Em primeiro lugar, cabe trazer à baila o dispositivo constitucional que pavimenta toda a presente e pertinente discussão.

“Artigo 150. Sem prejuízo de outras garantias asseguradas ao contribuinte, é vedado à União, aos Estados, ao Distrito Federal e aos Municípios:

(…)

VI – Instituir impostos sobre:

(…)

d) livros, jornais, periódicos e o papel destinado à sua impressão.”

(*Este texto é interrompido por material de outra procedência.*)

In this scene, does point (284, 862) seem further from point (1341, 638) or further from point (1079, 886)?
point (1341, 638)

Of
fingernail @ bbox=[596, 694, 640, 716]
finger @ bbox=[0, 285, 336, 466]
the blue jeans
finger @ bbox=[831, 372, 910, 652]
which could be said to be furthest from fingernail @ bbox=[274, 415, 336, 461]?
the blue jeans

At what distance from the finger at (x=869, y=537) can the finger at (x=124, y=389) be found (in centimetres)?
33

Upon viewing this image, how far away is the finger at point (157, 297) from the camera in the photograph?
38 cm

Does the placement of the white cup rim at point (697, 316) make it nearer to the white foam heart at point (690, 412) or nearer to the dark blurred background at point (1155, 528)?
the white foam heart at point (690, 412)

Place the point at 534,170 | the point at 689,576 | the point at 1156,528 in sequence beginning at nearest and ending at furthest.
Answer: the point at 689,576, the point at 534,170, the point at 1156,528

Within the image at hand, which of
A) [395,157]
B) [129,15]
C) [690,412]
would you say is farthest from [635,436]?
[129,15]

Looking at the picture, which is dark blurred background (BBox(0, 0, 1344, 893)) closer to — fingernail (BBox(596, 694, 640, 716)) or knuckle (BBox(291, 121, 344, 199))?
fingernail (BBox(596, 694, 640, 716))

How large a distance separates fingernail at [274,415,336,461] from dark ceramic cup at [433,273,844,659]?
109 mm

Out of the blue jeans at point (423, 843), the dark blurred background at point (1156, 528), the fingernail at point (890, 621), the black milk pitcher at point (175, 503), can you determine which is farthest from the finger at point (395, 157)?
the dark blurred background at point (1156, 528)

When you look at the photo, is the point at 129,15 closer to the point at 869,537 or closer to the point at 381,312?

                Numa primeira leitura do dispositivo acima, pode surgir o seguinte questionamento: Qual o motivo de se vedar a possibilidade de tributação de livros e jornais? Bom, de forma muito evidente, o legislador buscou, através desta norma, proteger a liberdade de comunicação, imprensa e a difusão cultural, uma vez que, na época, a comunicação por meio físico (impressos e livros) era dominante. Assim, o legislador incentivou a liberdade de expressão e a valorização da comunicação numa sociedade onde os meios de comunicação estavam efervescendo.

                Ocorre que, com os constantes e necessários desenvolvimentos tecnológicos, por óbvio, esta ideia de imunidade sobre livros deveria abarcar novos objetos. De forma objetiva, podemos falar acerca dos livros e mídias digitais como fontes atuais e preponderantes de comunicação e cultura. Contudo, essa discussão, por algum tempo se encontrou um tanto quanto controversa, e objeto de grandes debates no meio jurídico.

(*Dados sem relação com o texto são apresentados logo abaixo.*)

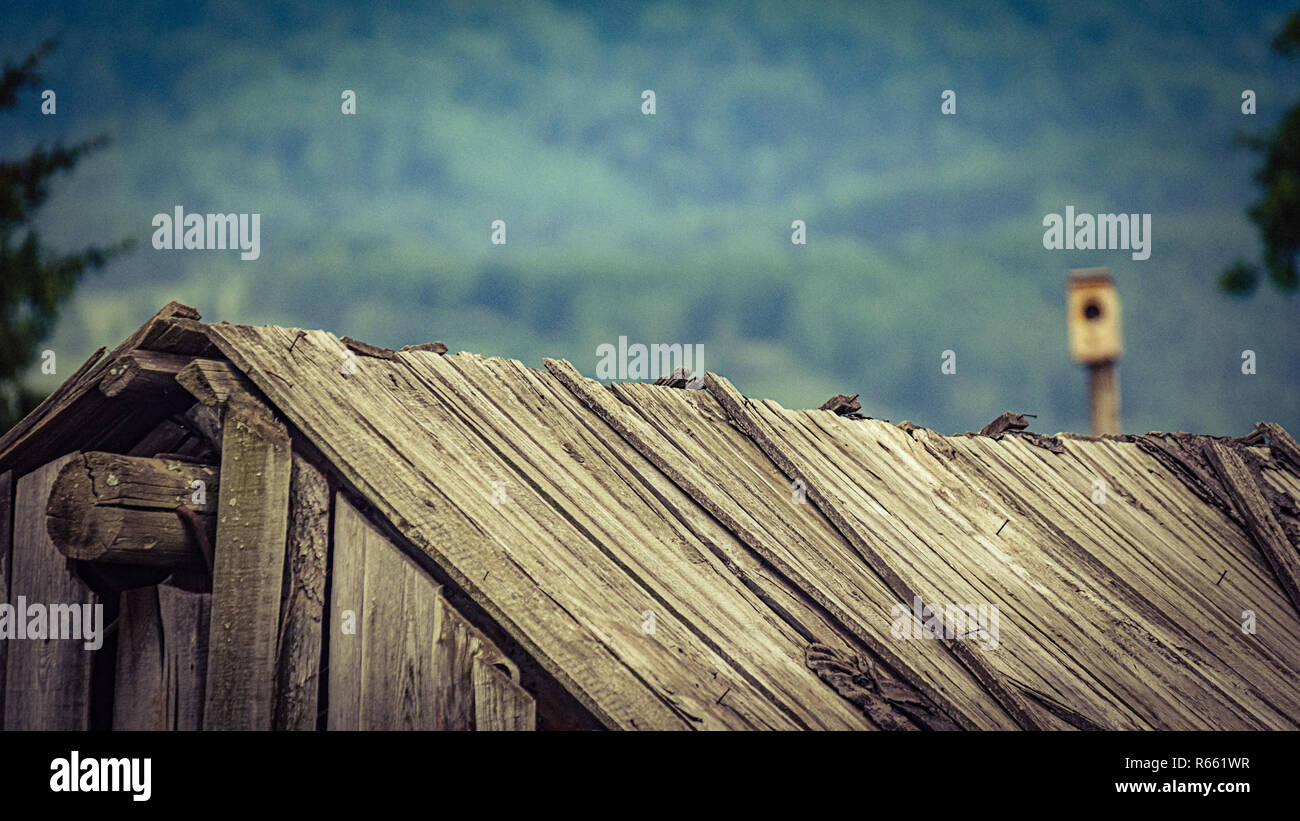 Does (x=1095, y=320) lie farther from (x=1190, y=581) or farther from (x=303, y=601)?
(x=303, y=601)

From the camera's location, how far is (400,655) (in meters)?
5.27

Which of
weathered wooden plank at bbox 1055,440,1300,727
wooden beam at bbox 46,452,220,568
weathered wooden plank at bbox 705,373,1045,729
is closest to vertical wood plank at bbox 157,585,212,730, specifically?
wooden beam at bbox 46,452,220,568

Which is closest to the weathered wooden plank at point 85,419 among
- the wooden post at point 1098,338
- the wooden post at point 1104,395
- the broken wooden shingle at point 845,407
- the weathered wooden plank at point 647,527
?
the weathered wooden plank at point 647,527

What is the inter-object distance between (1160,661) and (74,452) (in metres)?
6.75

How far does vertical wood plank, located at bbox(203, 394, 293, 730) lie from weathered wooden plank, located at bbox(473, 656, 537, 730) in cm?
107

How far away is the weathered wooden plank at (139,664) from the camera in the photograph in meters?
5.88

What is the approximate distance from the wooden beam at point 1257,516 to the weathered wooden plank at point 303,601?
8410 mm

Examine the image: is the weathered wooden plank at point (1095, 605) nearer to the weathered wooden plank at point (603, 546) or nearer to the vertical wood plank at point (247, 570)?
the weathered wooden plank at point (603, 546)

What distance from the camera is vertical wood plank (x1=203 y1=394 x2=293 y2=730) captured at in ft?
17.6

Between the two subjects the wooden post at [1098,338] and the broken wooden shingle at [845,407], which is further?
the wooden post at [1098,338]

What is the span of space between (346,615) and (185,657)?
92 cm

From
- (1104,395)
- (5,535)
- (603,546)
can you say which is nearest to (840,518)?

                Neste cenário, mais especificamente no ano de 2017, essa questão chegou ao STF, de forma contundente, em dois Recursos Extraordinários 330817 (sob relatoria do ministro Dias Toffoli) e 595676 (sob relatoria do ministro Marco Aurélio) os quais foram negados pela Suprema Corte em votação unânime, a qual entendeu que livros eletrônicos e os suportes próprios para sua leitura são alcançados pela imunidade tributária do artigo 150, inciso VI, alínea “d”, da Constituição Federal. Para o colegiado, a imunidade tributária a livros, jornais, periódicos e ao papel destinado à sua impressão deve abranger os livros eletrônicos, os suportes exclusivos para leitura e armazenamento, além de componentes eletrônicos que acompanhem material didático.

                Cabe trazer à baila parte do julgado do RE 330817 da Suprema Corte, a qual de forma bem didática nos mostra o entendimento atual acerca do tema:


“(…)

A imunidade dos livros, jornais e periódicos e do papel destinado a sua impressão não deve ser interpretada em seus extremos, sob pena de se subtrair da salvaguarda toda a racionalidade que inspira seu alcance prático, ou de transformar a imunidade em subjetiva, na medida em que acabaria por desonerar de todo a pessoa do contribuinte, numa imunidade a que a Constituição atribui desenganada feição objetiva. A delimitação negativa da competência tributária apenas abrange os impostos incidentes sobre materialidades próprias   das operações com livros, jornais, periódicos e com o papel destinado à sua impressão.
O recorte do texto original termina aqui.